To upload the bootloader using avrdude and an usbasp programmer, you can use something like this:
avrdude -p attiny841 -c usbasp -U flash:w:bootloader-v4-interfaceboard.hex -U flash:w:BootloaderTest/board_info/interfaceboard.hex
Note that the board info is not included in the bootloader hex file, but must be separately uploaded. The above command does this with a single command using a sample board info intended for the test run, be sure to replace that with a proper board info file during production. The board info is expected to be 64-bytes long and located at address 0x1fc0.
This currently supports the STM32G030, but should not be too hard to port to other STM32G0 or other STM32 chips.
This chip has no native bootloader support, but instead of overwriting the reset vector, like with the attiny, the bootloader is written at the start of flash (so the chip starts the bootloader on reset) and the application firmware is written after the bootloader. This does require that the application firmware is compiled with a proper address offset, and that it relocates the interrupt vector table if it needs interrupts.
The bootloader needs 4k of flash currently (in reality just over 2k, but rounded up to full 2k erase pages).

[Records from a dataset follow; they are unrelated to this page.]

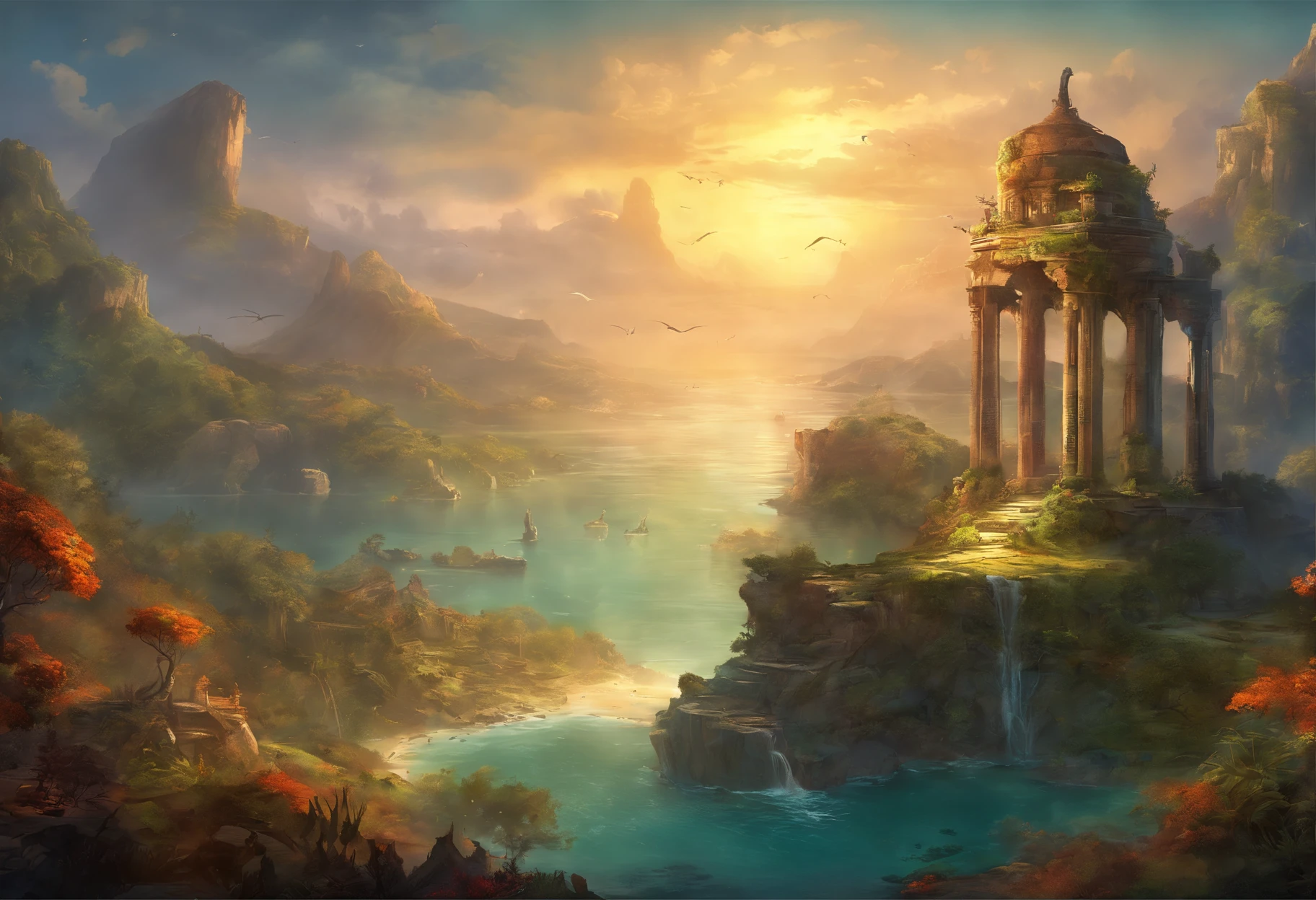 (best quality,4k,8k,highres,masterpiece:1.2),ultra-detailed,(realistic,photorealistic,photo-realistic:1.37),crumbling ruins,sunken ancient structures,uplifted island,worn-out buildings,tree stumps,decaying roots,dry coral,twisted branches,tilted soil,flooded areas,crystal clear water,ripples of the sea,breath-taking scenery,sunken treasures,overgrown vegetation,mystical atmosphere,sun-kissed island,majestic view,serene tranquility,surrounded by the sea,natural wonders,untouched landscape,remote location,ancient mysteries,hidden secrets,melancholic beauty,history frozen in time,dramatic lighting,submerged history,enchanted island,ghostly remnants,whispers of the past,echoes of lost civilizations,mysterious artifacts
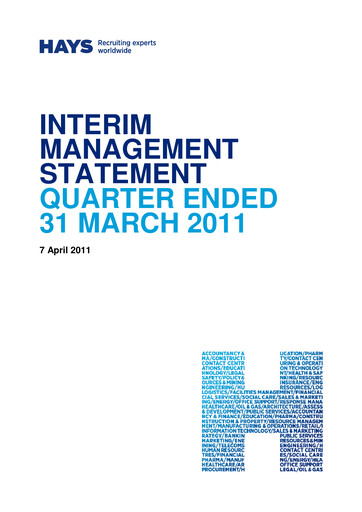 Thumbnail Hays plc Quarterly Report 2011-q3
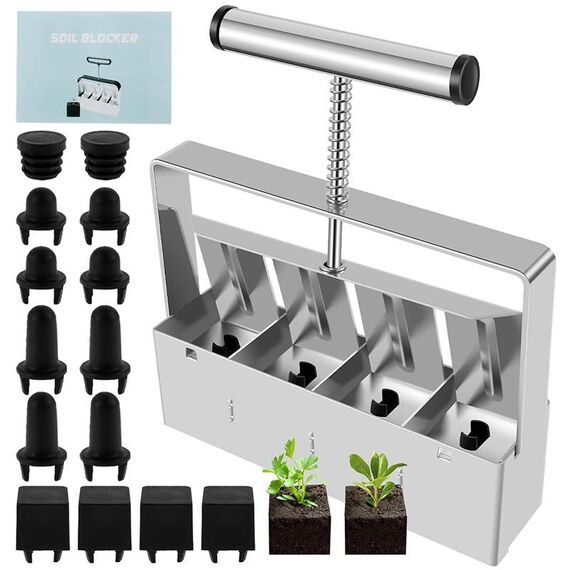 Il bloccante portatile del terreno per piantine crea quattro blocchi di terreno da 2 x 2 pollici per la preparazione del giardino (quadrato)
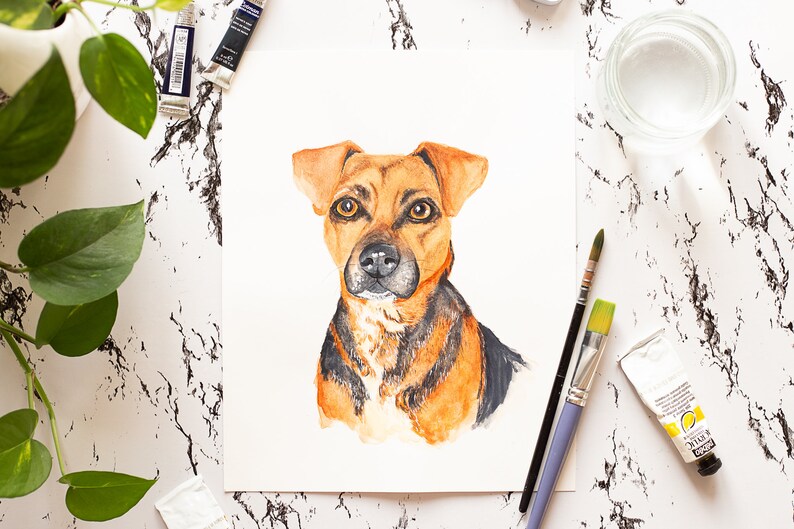 Custom Pet Portrait Handpainted Watercolour Animal Etsy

To upload the bootloader using openocd and an stlink programmer, you can use something like this:
openocd -f interface/stlink.cfg -f target/stm32g0x.cfg -c 'init; reset init; stm32l4x mass_erase 0; flash write_image bootloader-v4-gphopper.hex; flash write_image BootloaderTest/board_info/gphopper.hex; reset run; shutdown'
Note that the board info is not included in the bootloader hex file, but must be separately uploaded. The above command does this with a single command using a sample board info intended for the test run, be sure to replace that with a proper board info file during production. The board info is expected to be 64-bytes long and located at address 0x0fc0.
Also note that the above uses the the lower level flash write command
for flashing, since the higher-level program command can only handle
a single file and insists on erasing before every file (which is
problematic when there is flash page overlap between files, like here).
This also uses an explicit mass erase instead of relying on openocd to
automatically erase, which generates a warning in the log.
For simplicity, flashing is not verified - this should probably be different during production.
The bootloader is based on the bootloader written by Erin Tomson for the Modulo board. Mostly the TWI implementation remains, most of the other parts of the bootloader have been replaced.
Most code and accompanying materials is licensed under the GPL, version 3. See the LICENSE file for the full license.
The protocol documentation, in the PROTOCOL.md file, has a more liberal license (see the file for the exact license). The testing sketch, in the BootloaderTest directory, is licensed under the 3-clause BSD license.